Примечательно, что как раз вначале пятого века возникло сразу два сотериологических заблуждения: Пелагия, который видел в делах христианина важнейшее условие спасения, и Августина, который считал, что вопрос спасения не зависит от человека ни в каком виде и ни в какой мере. (Это случилось вскоре за фиксацией состава книг (канон) Священного Писания в 381 году и утверждения доктрины о Троице в Никео-Царьградском Символе веры на Втором Вселенском соборе.) Разумеется, различные заблуждения возникали в Церкви и раньше, однако эти два подвергли ее первоначальные доктринальные утверждения сильной порче, создав синкретические учения. В результате в богословие Церкви проникли опасные заблуждения на уровне официального учения: со стороны августинистской теологии – учение о суверенности воли Бога, выходящей за пределы даже Его моральной и разумной природы, представление о полной испорченности природы человека и правовой монергизм; со стороны пелагианства – учение о правовом синергизме, спасение по делам, возможности достижения совершенства в деле личного освящения, представление о передаче заслуг другим людям).

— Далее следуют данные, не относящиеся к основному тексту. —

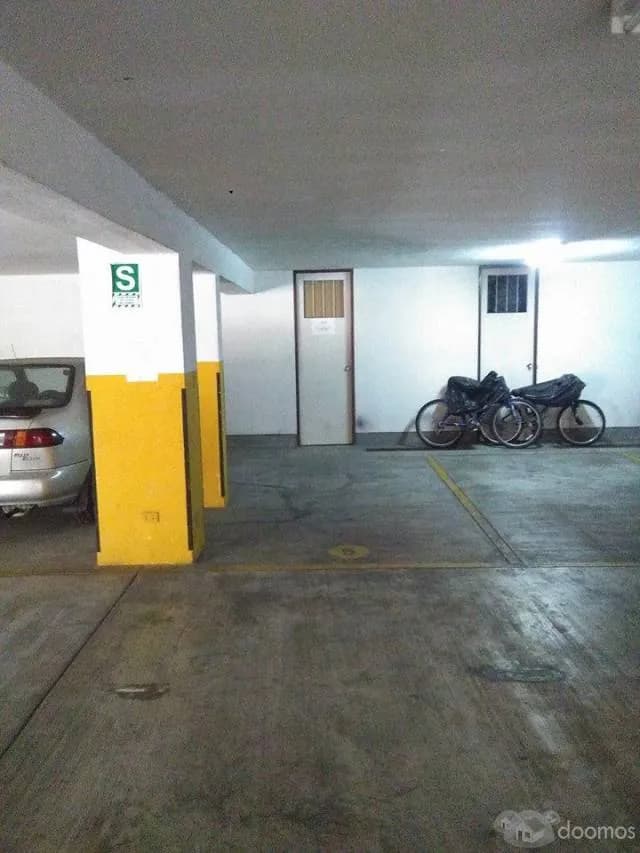 SE VENDE ESTACIONAMIENTO SAN ISIDRO — foto 2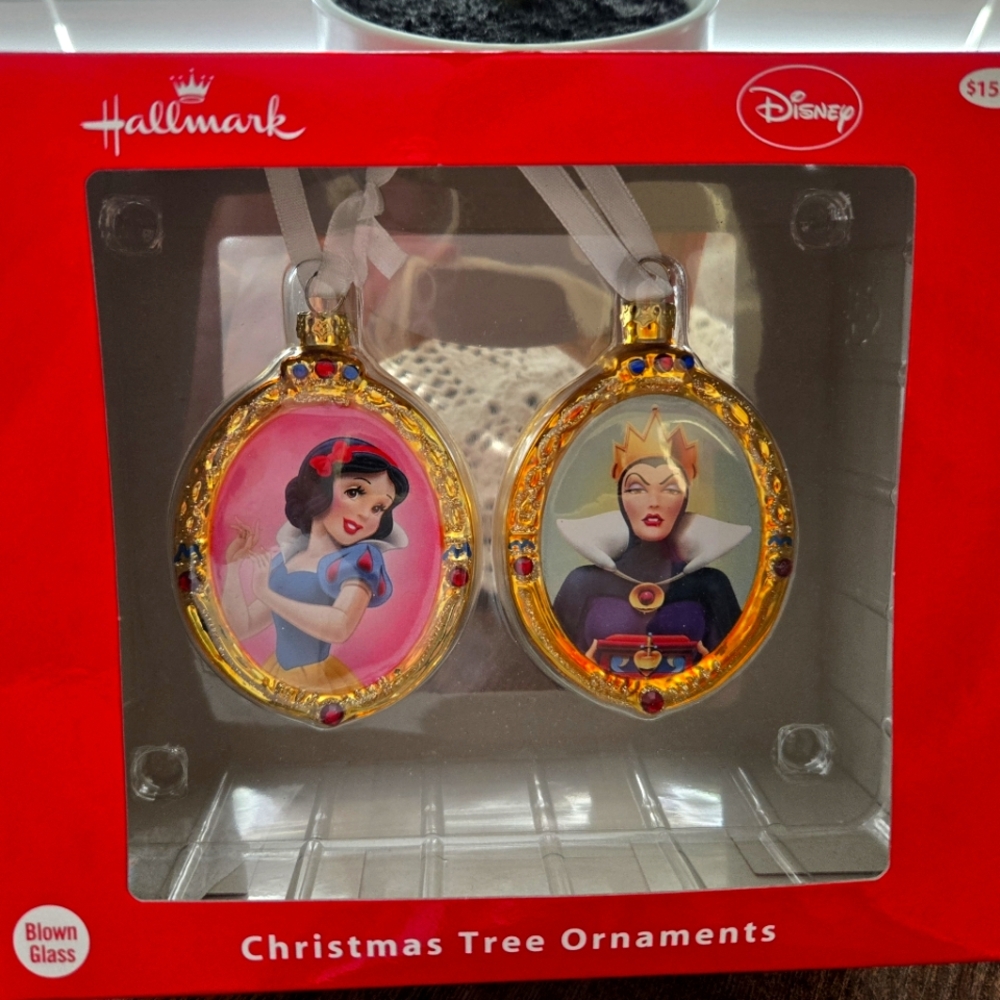 New Set of 2 Disney Snow White & Queen Hallmark Blown Glass Christmas Ornaments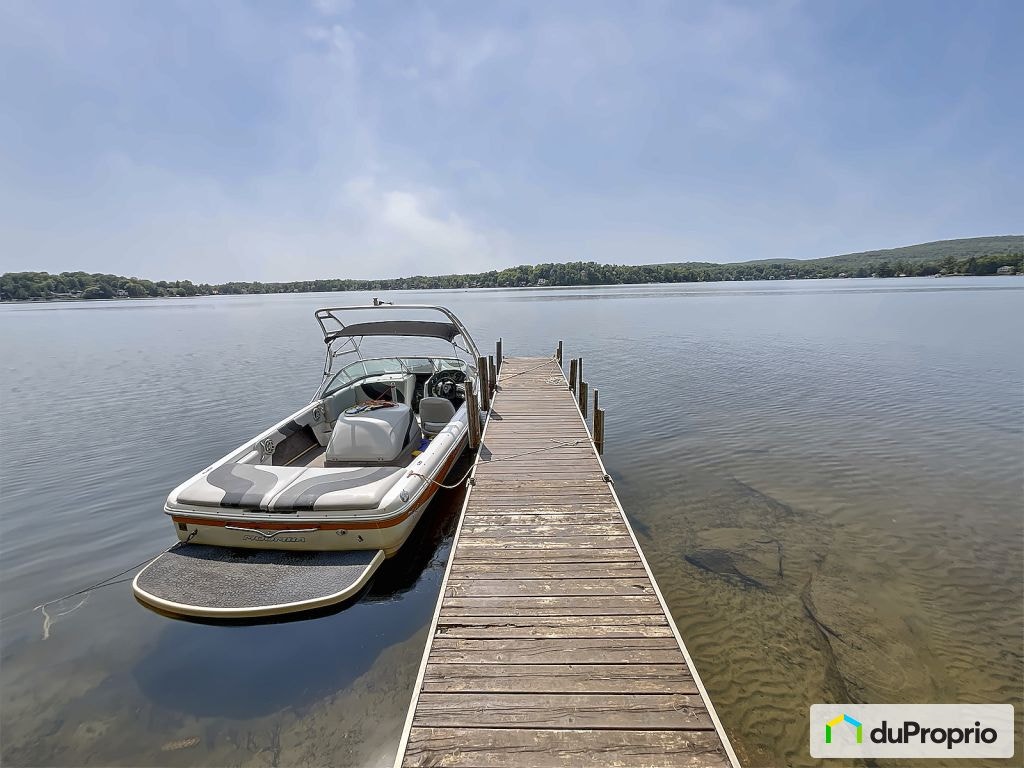 $785,000 - Bungalow for sale in St-Hippolyte — photo 3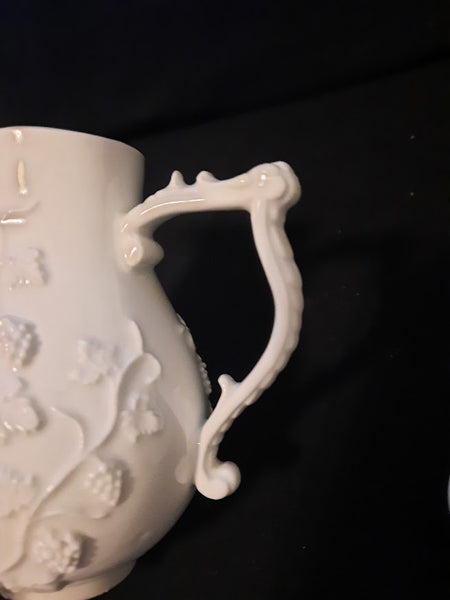 Meissen Blanc de Chine&nbsp; Grapvine Cream Pot Circa 1740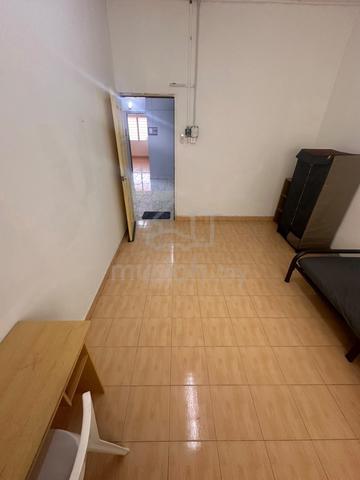 Low Deposit Room for Rent at Subang Jaya near LRT, Free WiFi 📍 1
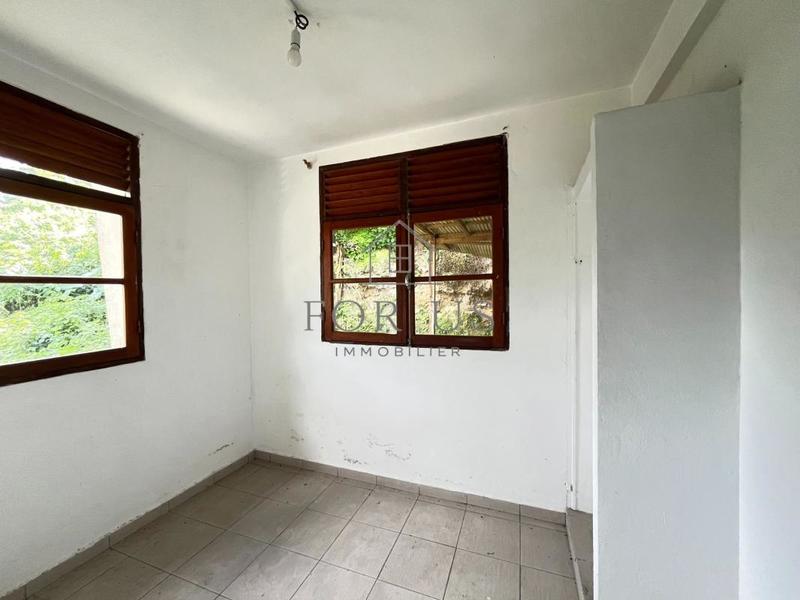 Maison - 144 m² - 9 pièces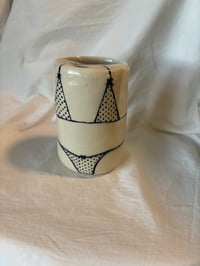 Image 4 of bikini to go cup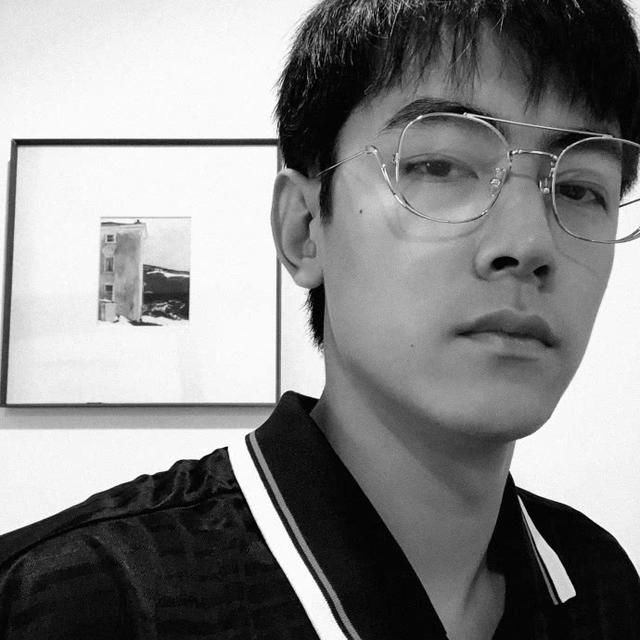 阚清子承认分开，否认劈腿捉奸，纪凌尘回应这九个字，网友：滚！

Учение Августина о «двойном» предопределении (одних людей к спасению, а других к погибели) исповедовало большое число средневековых богословов (Лукид, Фульгенций, Готшальк, Томас Брадвардин, Григорий Реминийский, Гуголино Орвиетский, Джон Уиклиф), находившихся в оппозиции официальному мнению духовенства средневековой Церкви, принявших несколько смягченный его вариант (одностороннее предопределение (только к спасению) и передача благодати посредством церковных таинств, а не непосредственно Богом как учил Августин). Пелагианство же было подхвачено либеральными представителями Церкви и связано с таким богословским направлением средневековой схоластики как «Новый путь» (Роберт Холкот, Габриэль Биль). Конечно, это не полностью вытеснило истину из Средневековой Церкви, но сильно смешало ее с еретическими утверждениями. Среди католических сторонников учения о спасении по вере были Б. Клервосский, Р. Беллармино и ряд богословов времени Тридентского собора, на котором оно даже было формально выражено в «Декрете об оправдании» (1547). Евангельскую позицию в вопросе предопределения в Католической церкви во время тотального господства в ней августинизма отстаивал Петр Ломбардский, написавший первый базовый учебник по систематическому богословию («Сентенции»).